*Work instruction*
Once you reach the line with "Huge lot of stickers! 🌸", copy it and every line after it exactly, up to the end of the data. Omit the pictures.

*Provided data*
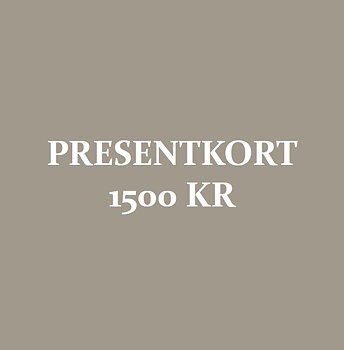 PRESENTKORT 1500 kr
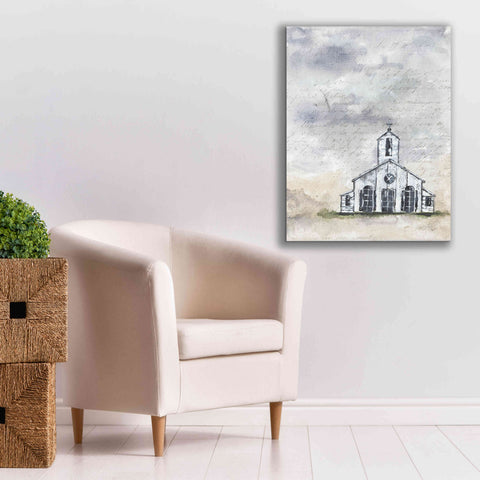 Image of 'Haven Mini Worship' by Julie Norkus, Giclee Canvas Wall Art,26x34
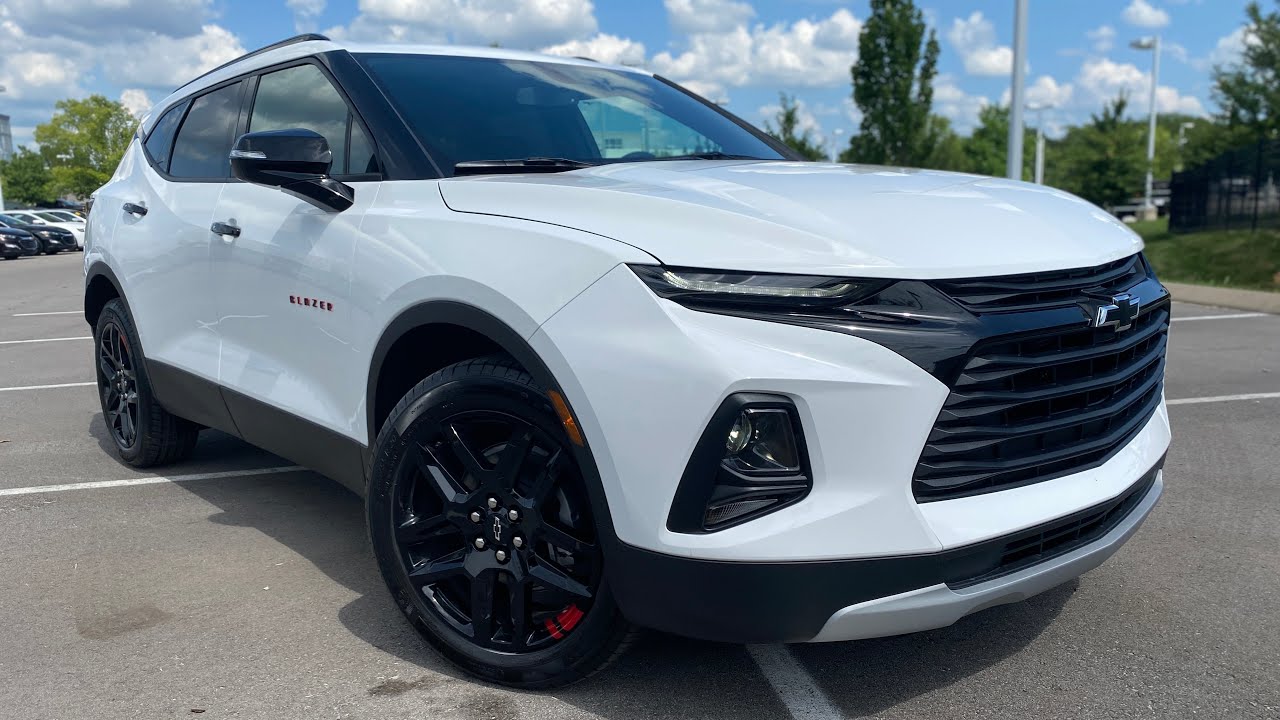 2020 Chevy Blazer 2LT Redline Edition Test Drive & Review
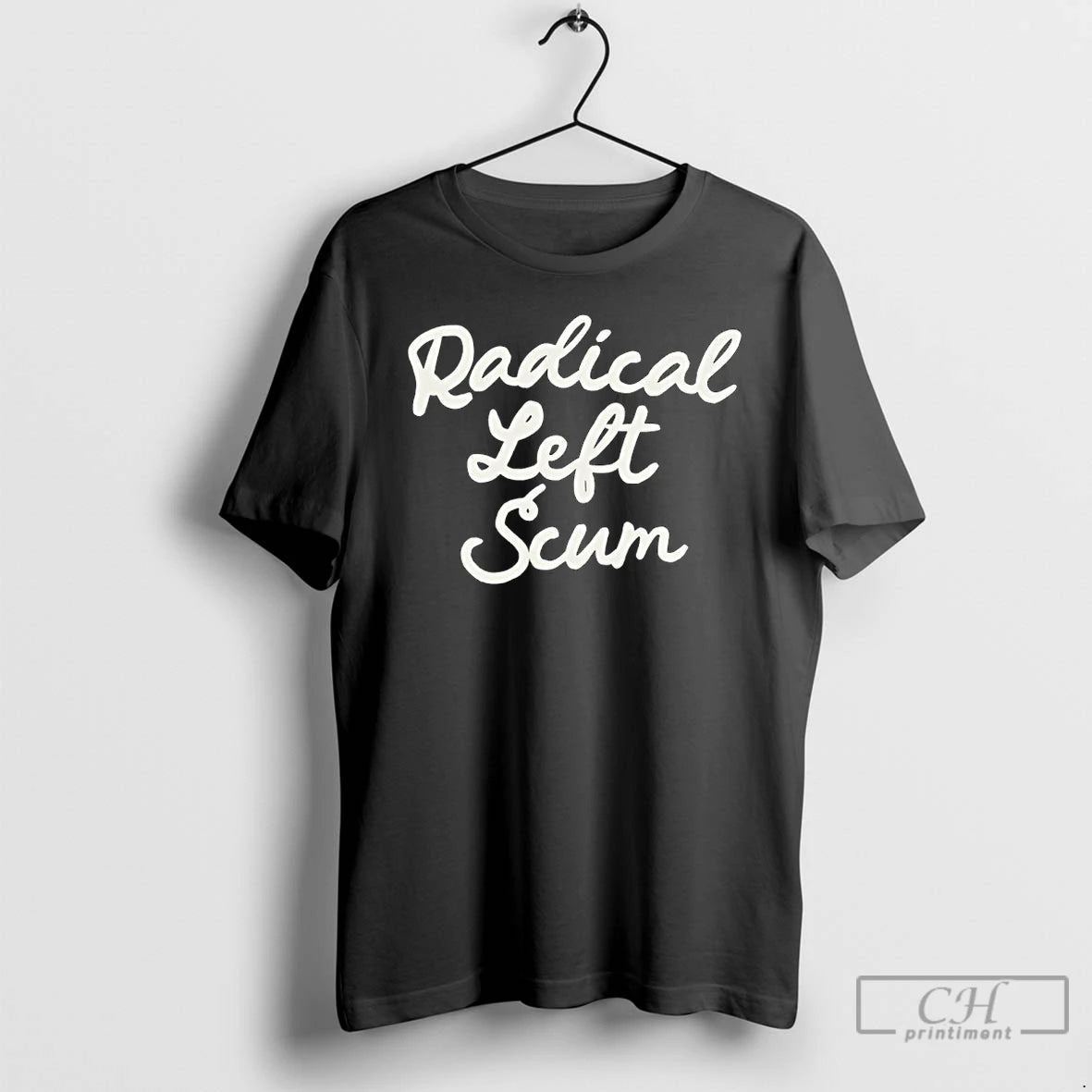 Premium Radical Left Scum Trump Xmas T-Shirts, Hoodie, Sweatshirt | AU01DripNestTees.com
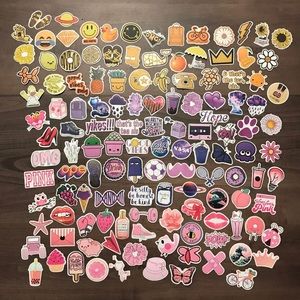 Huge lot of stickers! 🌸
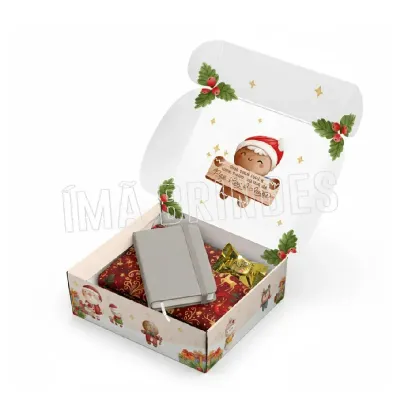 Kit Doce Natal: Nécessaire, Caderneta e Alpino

*Written answer*
 Huge lot of stickers! 🌸
 Kit Doce Natal: Nécessaire, Caderneta e Alpino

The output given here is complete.